Il percorso è sempre lo stesso: si inizia con le parole che negano la dignità e l’uguaglianza di chi abbiamo di fronte, fino a convincerci che è diverso da noi,  inferiore, magari anche pericoloso e infido.    

Il passo successivo è la privazione progressiva di ogni spazio di libertà, attraverso vessazioni di ogni genere e arbitrari  divieti.

Il terzo è l’eliminazione fisica. 

Le parole hanno un peso, sempre, e lo hanno ancora maggiore quando vanno a formare il sentire dell’opinione pubblica. 

Non si potrebbe comprendere altrimenti come persone che noi definiremmo del tutto normali abbiano potuto partecipare al progetto di eliminazione degli ebrei dalla Germania iniziato ancora prima dello scoppio della seconda guerra mondiale e della creazione dei campi di sterminio. 

Un progetto a cui purtroppo ha dato una mano concreta anche l’Italia che il 10 novembre 1938 approvò le leggi razziali, una macchia indelebile nella nostra storia.

Conoscere tutto questo è fondamentale per capire il senso dei valori costitutivi della nostra democrazia: il pluralismo, la tolleranza i diritti umani.

Liliana Segre con la sua riflessione amara ci ha messo di fronte a una responsabilità collettiva e a una questione reale.

Il Giorno della Memoria rischia di trasformarsi in una celebrazione rituale che non riesce più a trasmettere le emozioni, i turbamenti, lo sconcerto per una tragedia di dimensioni enormi,  ma anche, sul lato opposto, i valori etici e morali che permisero a tante donne e  a tanti uomini di compiere atti di vero e proprio eroismo per non piegarsi al male e salvare quante più vite umane fosse possibile.

Dobbiamo ritornare alle testimonianze di chi ha vissuto quelle vicende: i racconti di chi è sopravvissuto ai lager, e prima ancora la narrazione di chi ricorda le discriminazioni, le piccole violenze, il clima di paura nel quale tante famiglie ebraiche hanno vissuto anche in Italia quegli anni.
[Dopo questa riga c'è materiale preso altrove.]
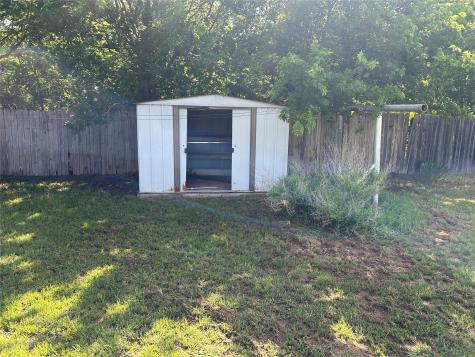 109 Harrison Avenue Newcastle TX 76372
Sono racconti, sono parole, che non possono lasciare indifferenti e che infatti quando sono lette dai ragazzi nelle nostre scuole colpiscono nel profondo.

Conoscere è fondamentale per capire, per scegliere, per essere in grado di cogliere – e speriamo che non accada davvero mai – il riaffiorare di idee, teorie, comportamenti pericolosi per la nostra democrazia.

Non si può costruire il nostro futuro se non conosciamo la nostra storia con le sue luci, ma anche con le sue ombre».